21 years has passed since James Byrd’s gruesome death shocked the nation and devastated his family. Byrd was viciously killed by John William King and two accomplices in Jasper, Texas in 1998.
On Wednesday, King, 44, is scheduled to be put to death by lethal injection in a Texas state prison.
King and his accomplices, Shawn Berry and Lawrence Brewer, encountered Byrd walking home after leaving a friend’s house in the early morning hours on June 7, 1998. Berry, who was driving, was familiar with Byrd from around town. He offered to drive Byrd home.
But instead of taking him home, the men took him to a secluded area on the outskirts of town. There they brutally beat him, and urinated and defecated on him before chaining him by the ankles to the back of their pickup truck.
They then dragged Byrd for nearly 3 miles along a paved road. Newspapers would later publish grisly photos of Byrd’s body parts scattered along the asphalt road. The police placed yellow evidence markers at 81 places where Byrd’s remains were found.
During King’s murder trial, the prosecutor said Byrd was alive for at least two miles before his body was ripped apart. There is evidence that he tried to hold his up off the asphalt while he was being dragged.
King and his accomplices are white. Byrd was Black. His death dominated the nation’s headlines for weeks and led to changes in the way local and federal governments prosecute hate crimes.
According to FBI files, in 1999 there were 3,679 victims of anti-Black crimes. The statistics have dropped in the years since Byrd was killed.
Berry was convicted of murder and sentenced to life in prison. He spends 23 hours a day in an 8-by-6 cell in protective custody at a Texas prison. He will be eligible for parole when he is 63 years old in June 2038.
Brewer, an unrepentant racist, was executed on Sept. 21, 2011. He expressed no remorse for his crime.
In a letter from King to Brewer before his execution, King wrote, “Regardless of the outcome of this, we have made history. Death before dishonor. Sieg Heil!”
Byrd’s family, who still live in Jasper, fondly remembered him to a reporter.

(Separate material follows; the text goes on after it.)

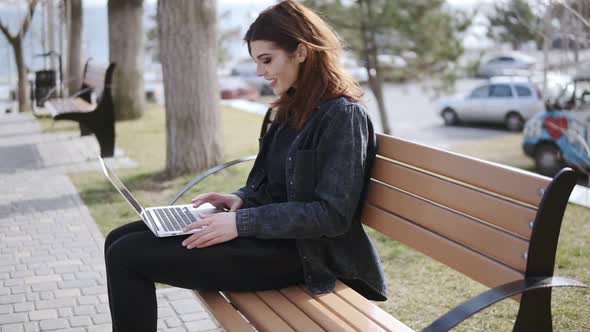 Attractive Female in Her 20's Wearing Hipster Urban Outfit Sitting on the Bench and Typing Something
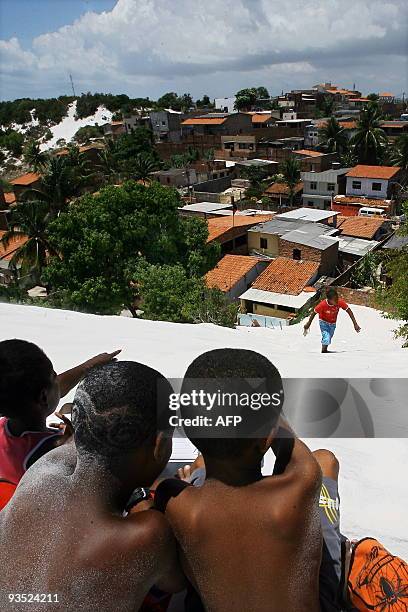 Children point to a slum in the Abaete lagoon in Salvador's metropolitan area, Bahia State, on November 30, 2009. The Abaete lagoon, a turistic site...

They recalled how he loved to play trumpet in his high school band and sing exuberantly in the church choir.
Byrd once told his family he would “put Jasper, Texas, on the map” one day.
“He thought it would be because of his music,” said Louvon Harris, one of his sisters. “Never did we think it would be because of his death,” she said.
“Now when you mention Jasper, you associate Jasper with James, Harris said. “It’s sad to know it was for a different reason than he anticipated.”